Giddens' album Freedom Highway is due out on Feb. 24, 2017. The album will include nine original songs and three covers, per American Songwriter. She also has a recurring acting role as part of the cast of CMT’s “Nashville,” playing a "social worker with the voice of an angel."
Following are five things you didn't know about Rhiannon Giddens:
1. Giddens has a multi-ethnic background
Her background is multi-ethnic. She has a black mother and white father. Her husband is from Ireland. Her husband and two children tour with her as often as they possibly can, per an interview on Sound Check Magazine.
2. Giddens started singing at an early age.
When she was just an infant in a crib, she would stand on the side of the crib and sing. Her mom and dad have been divorced for a long time, according to Our State Magazine, but they remember the same scene without prompting: Rhiannon is 2 or 3, sitting in her tiny rocking chair, making up songs. “She would just sing whatever she was thinking about,” said her dad, David Giddens. “She was always singing or humming,” said her mom, Deborah Jamieson. “She had a wonderful voice really early on.”
3. Giddens studied opera
She studied opera at Oberlin Conservatory before relocating back home in North Carolina to concentrate of folk music. Opera is a great base to have, Giddens said in an interview with Sound Check Magazine, but she was happy to return to her folk music sensibilities. She performs early African-American styles of music, including blues, country Caribbean, and hot string jazz.
4. Giddens brought diversity to the Steve Martin Prize
Giddens was awarded the Steve Martin Prize for Excellence in Banjo and Bluegrass in 2016, becoming the first woman and the first person of color to win the award, per the New York Times. Previously, the award was presented to six white men.

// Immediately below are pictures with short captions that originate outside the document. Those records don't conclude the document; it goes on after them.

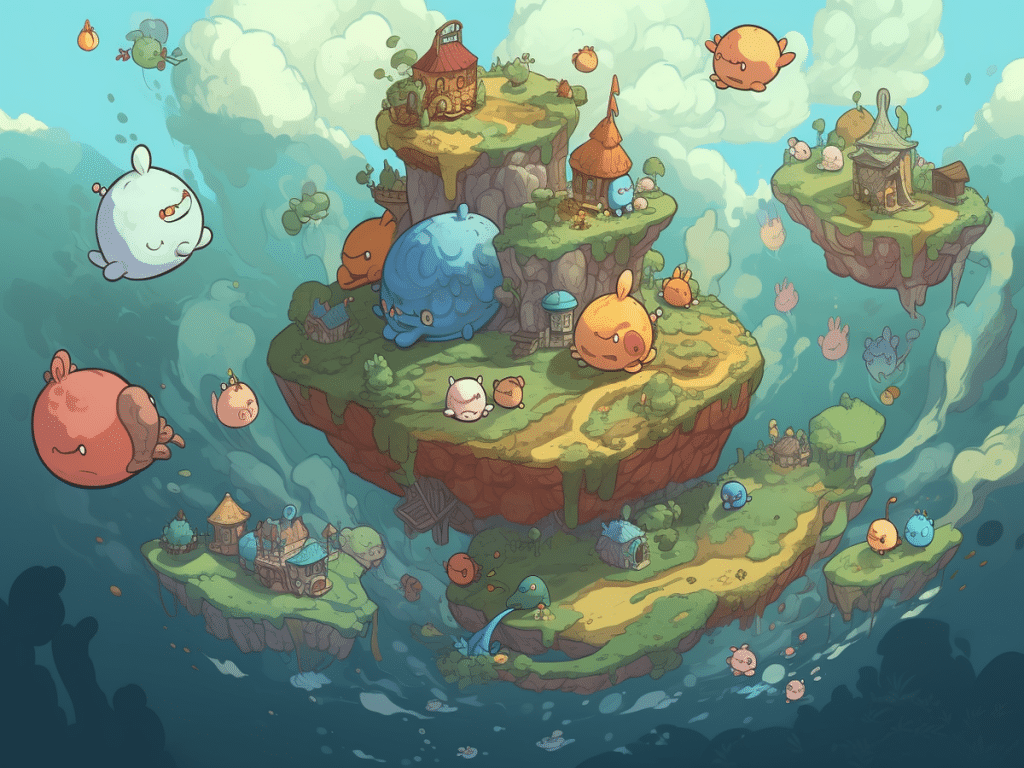 Is Axie Infinity awaiting selling pressure? Details inside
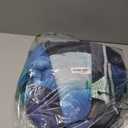 Preboun Halloween Garage Door Banner Large Hanging Backdrop Door Cover Halloween Garage Wall Decorations for Outdoor Holiday (7 x 8 ft)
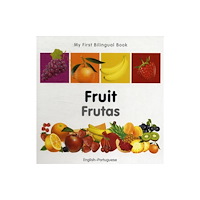 Milet Publishing Ltd My First Bilingual Book -  Fruit (English-Portuguese) (bok, board book, eng)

5. Giddens was the only female writer on Bob Dylan’s New Basement Tapes
Bob Dylan’s Basement Tapes were a treasure trove of handwritten lyrics written by Dylan in 1967. They were discovered and a team of musicians collaborated to write music for the lyrics. The collaborators were Giddens, Elvis Costello, Taylor goldsmith, Jim James, and Marcus Mumford. The resulting album was Lost on the River: The New Basement Tapes.